Abstracts

RATIONALE: Focal clonic seizures are a frequent epileptic phenomenon. However, there are little data about the pathomechanism of this seizure type.
METHODS: In 4 patients with intractable epilepsy and chronically inserted subdural electrodes, focal clonic muscle responses of hand and leg were elicited by high frequency cortical electrical stimulation and recorded by surface electrodes. In addition, 3 patients who had a lumbar posterior rhizotomy underwent intraoperatively epidural stimulation of the lumbar spine with EMG recordings. In both settings, the stimulus parameters were systematically changed and the effects on the EMG responses were analyzed.

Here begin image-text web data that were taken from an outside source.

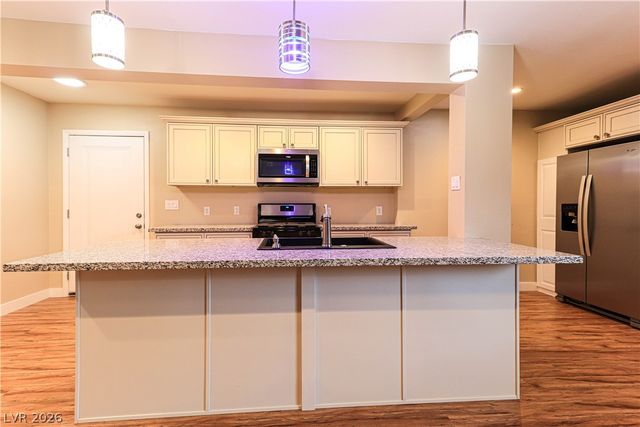 2100 SANTA YNEZ Drive, Las Vegas, NV 89104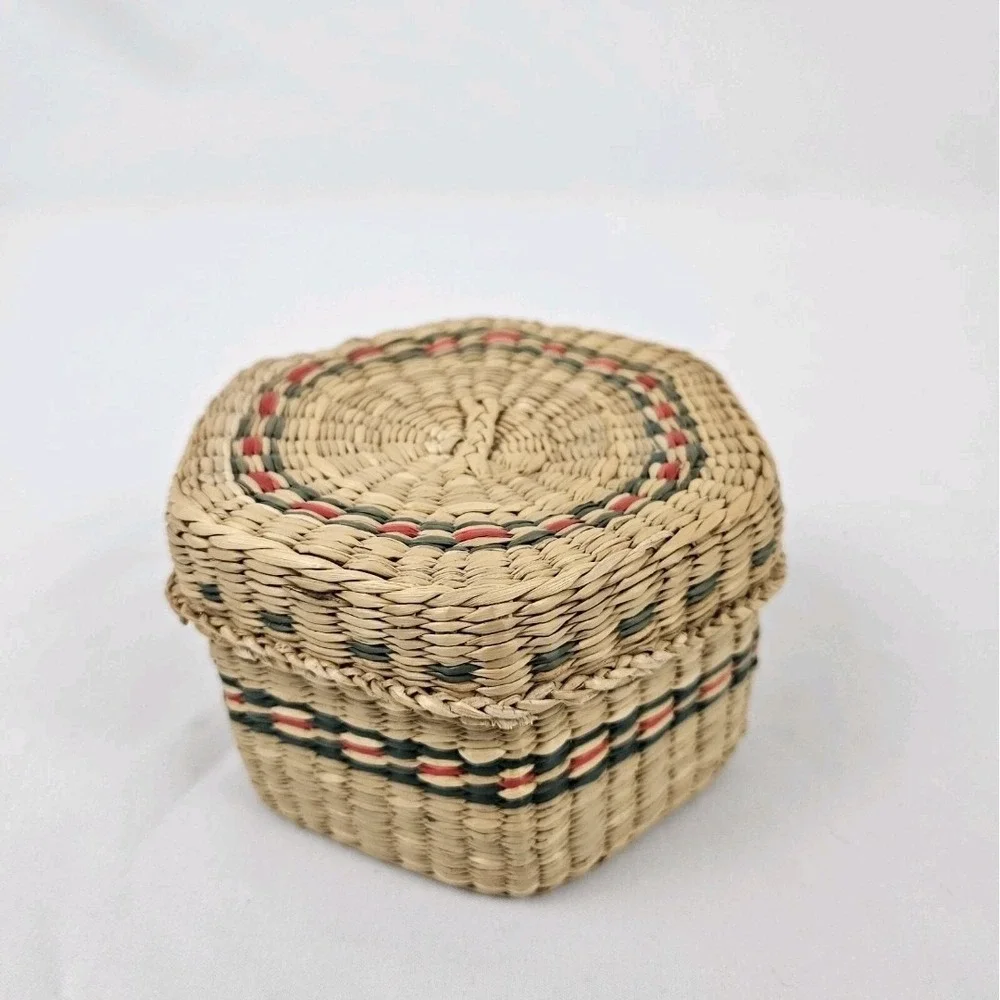 Sweetgrass Basket W/ Lid Hexagon Storage Trinket Box Vintage Boho Coastal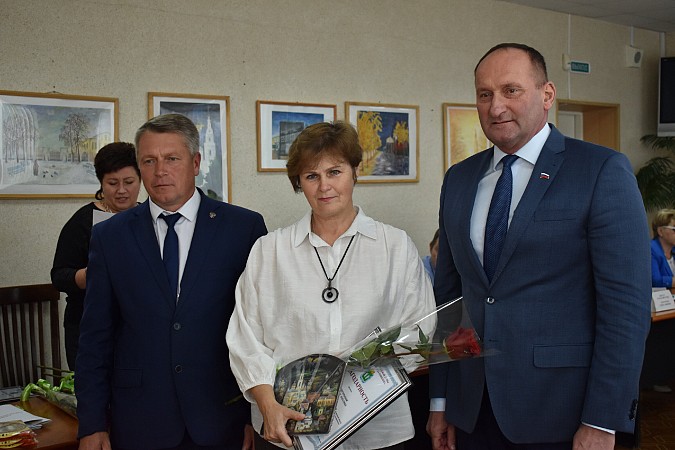 Представителей туристкой отрасли Кинешмы отметили благодарностями мэрии и думы фото 4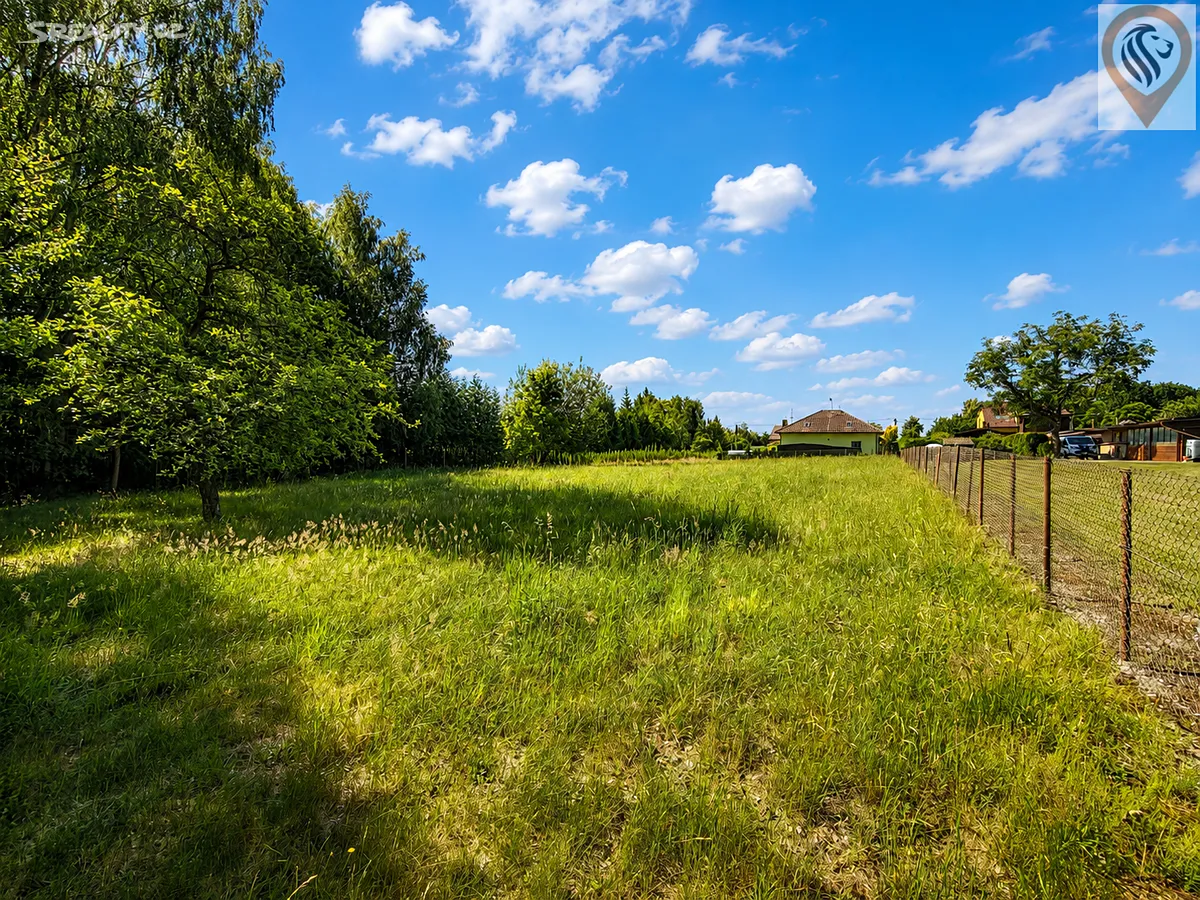 Prodej stavebního pozemku 2032 m², Holice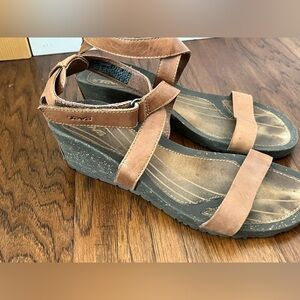Teva Women's Tan Wedge Sandals (crazy comfy!)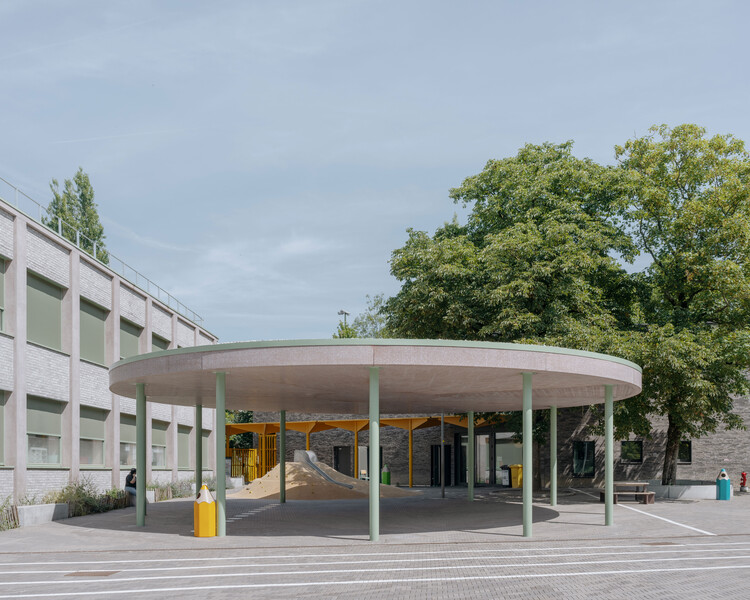 Chazal School Renovation and Playground Transformation / MULTIPLE Architecture & Urbanism - Exterior Photography, Concrete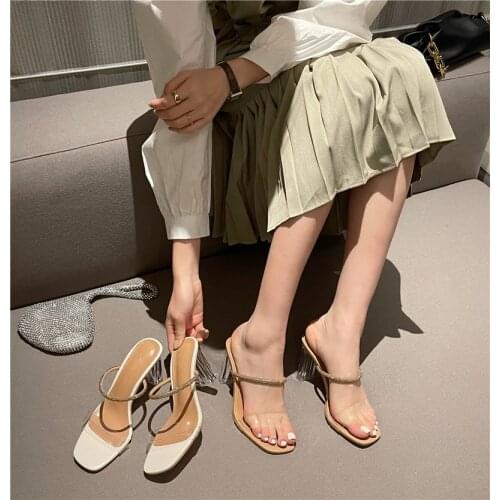 2021 New Designer shoes Pleated PVC Outdoor Elegant Slippers Ladies Fashion Open Toe Low Heels Shoes Women Summer Sandals Mules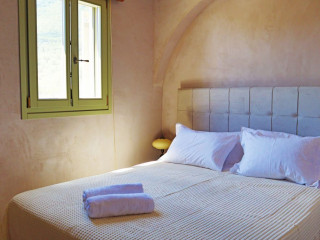 Rock n' Olive Villas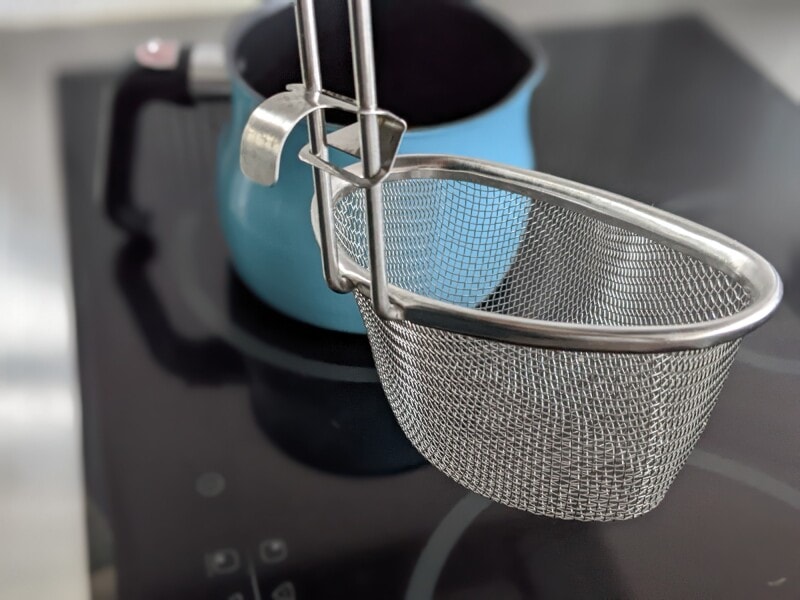 鍋にかけるザル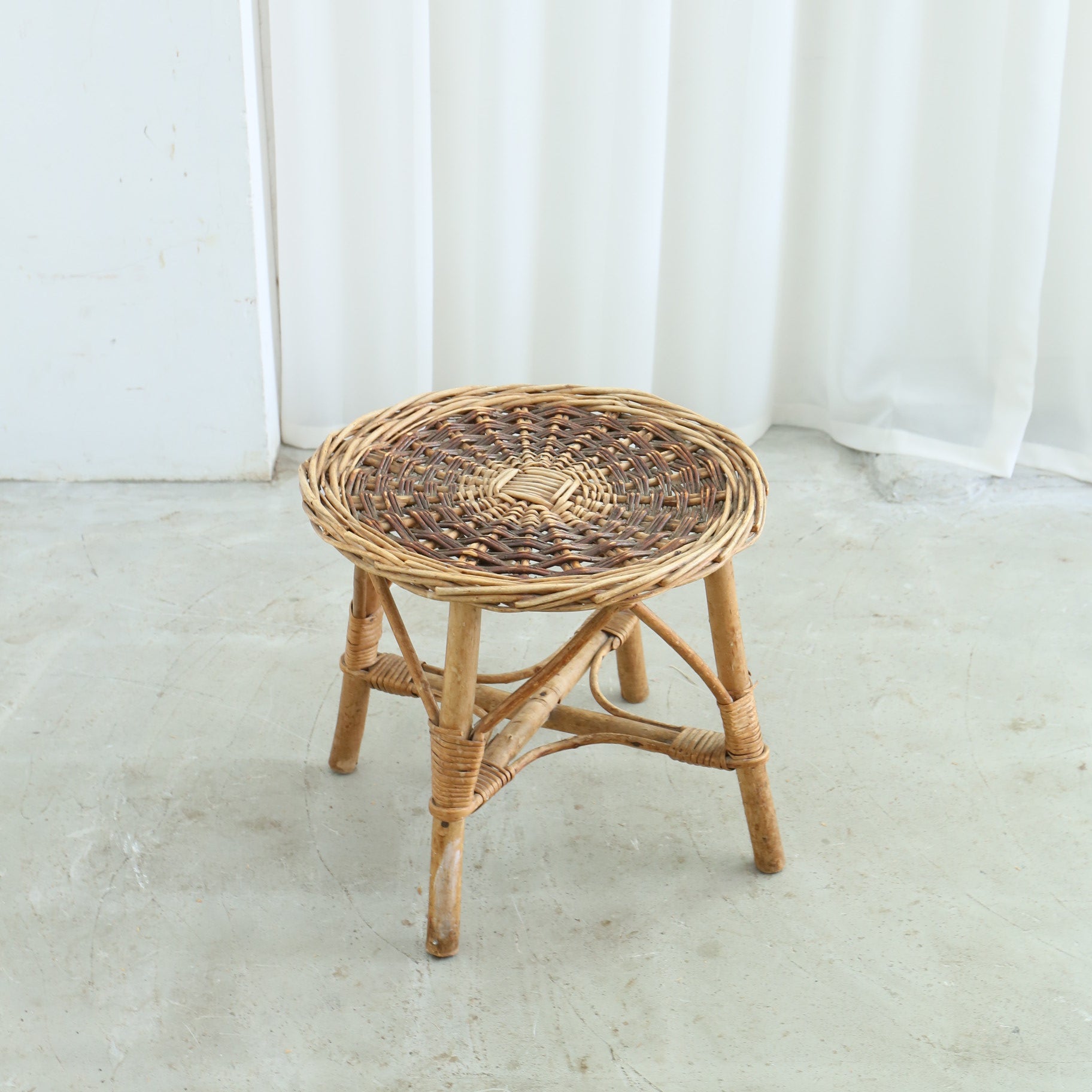 Vintage Side Table 202505055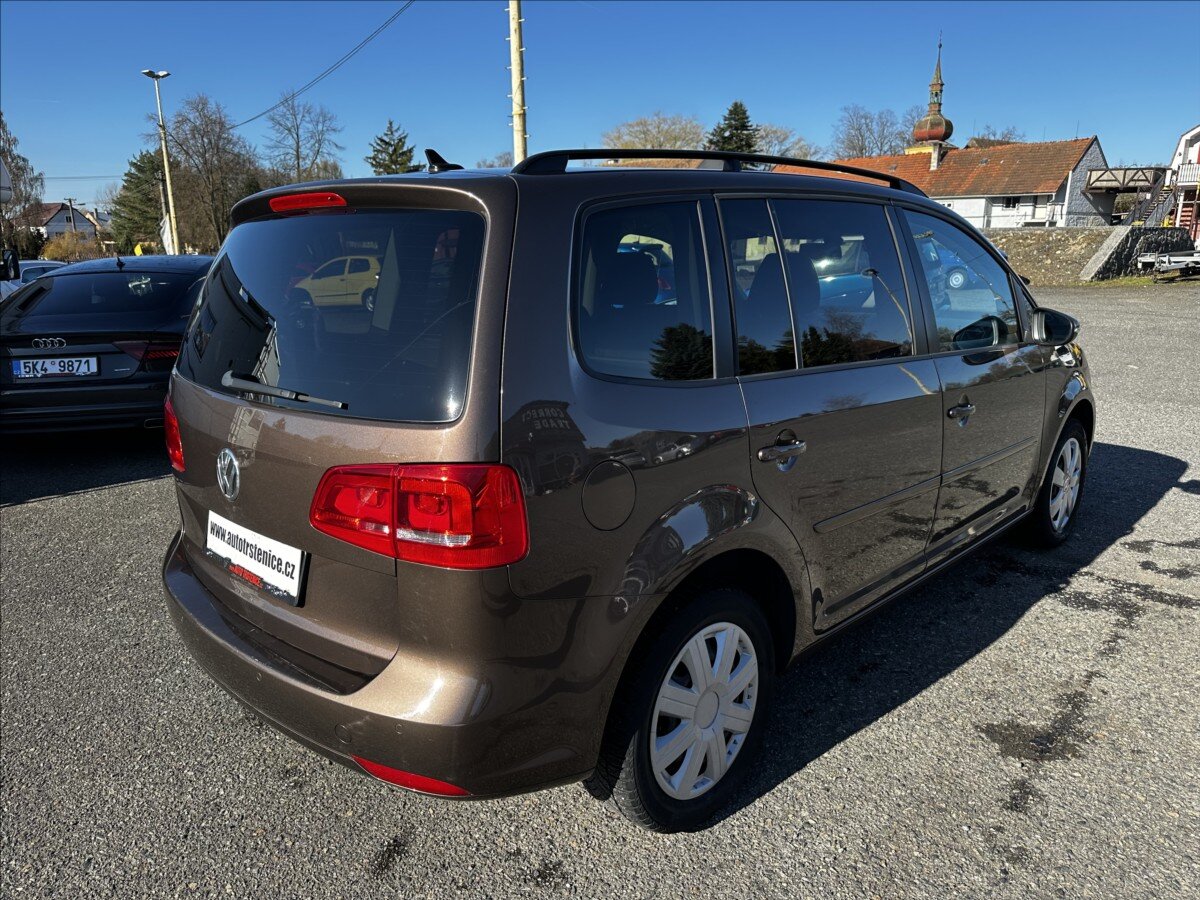 Volkswagen Touran MPV 1,2 l 77 kw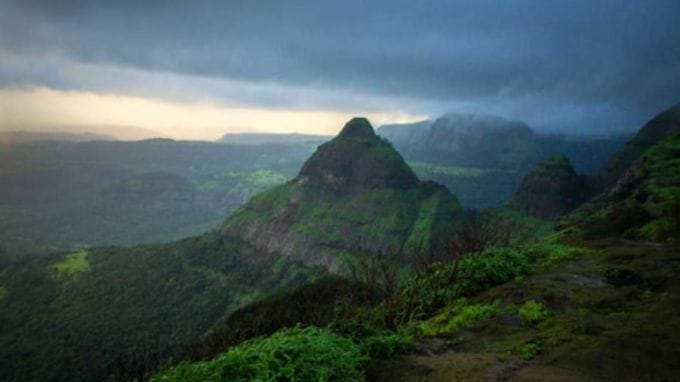 <strong>લોનાવાલા (Lonavala)</strong><br>લોનાવાલા ગુફાઓનું શહેર અને સહ્યાદ્રીનું ઘરેણું જેવા ઉપનામ તરીકે પ્રખ્યાત છે. કારણ કે આ હિલ સ્ટેશન કેટલીક ખૂબ જ જોવાલાયક લીલીછમ ખીણ, ગુફાઓ અને શાંત તળાવોનું શહેર છે. ચોમાસાના વરસાદની ઋતુમાં લોનાવાલાની સુંદરતા જોઇ પ્રવાસીઓ અત્યંત ખુશ થઇ જાય છે. (Image: Maharashtra Tourism)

RESULTS: A stable rhythmic clonic muscle response (3.5-8 Hz) could be elicited by cortical stimulation at frequencies between 20 Hz - 50 Hz. During contractions, there was simultaneous EMG-activity of agonistic and antagonistic muscles while a complete lack of muscle activity was seen during the periods of relaxation despite of continuing cortical stimulation. The contractions consisted of trains of compound muscle action potentials following each other according to the stimulation frequency. The clonus frequency decreased from 4.0-8.0 Hz at 50 Hz stimulation to 3.0-3.5 Hz at 20 Hz (correlation: P [lt] 0.05) paralleled by a prolongation of the bursts of muscle activity. When the stimulation frequency was cut in half, the number of stimuli blocked during the periods of relaxation decreased also of 50 %. Within most five seconds stimulation periods with stable stimulation frequencies, the clonus frequency decreased over time. Both the number of stimuli which formed an EMG burst and which were blocked during the following periods of relaxation increased towards the end of the stimulation periods. In contrast to cortical stimulation, there was always an 1:1 relationship between stimulus and muscle twitch during spinal stimulation with frequencies between 1 - 50 Hz.
CONCLUSIONS: This study supports the view that a clonic muscle response is triggered by supraspinal, probably cortical mechanisms. As in epileptic seizures, cortical stimulation may cause a direct activation of a great number of pyramidal tract (PT) neurons which then may result in specific excitation of mainly GABAergic interneurons by recurrent axon-collaterals. This simultaneous activation of inhibitory interneurons may have a temporal and spatial summation effect which finally leads to a temporary hyperpolarisation of PT neurons suppressing intermittently further output to the spinal motorneurons despite continuous stimulation.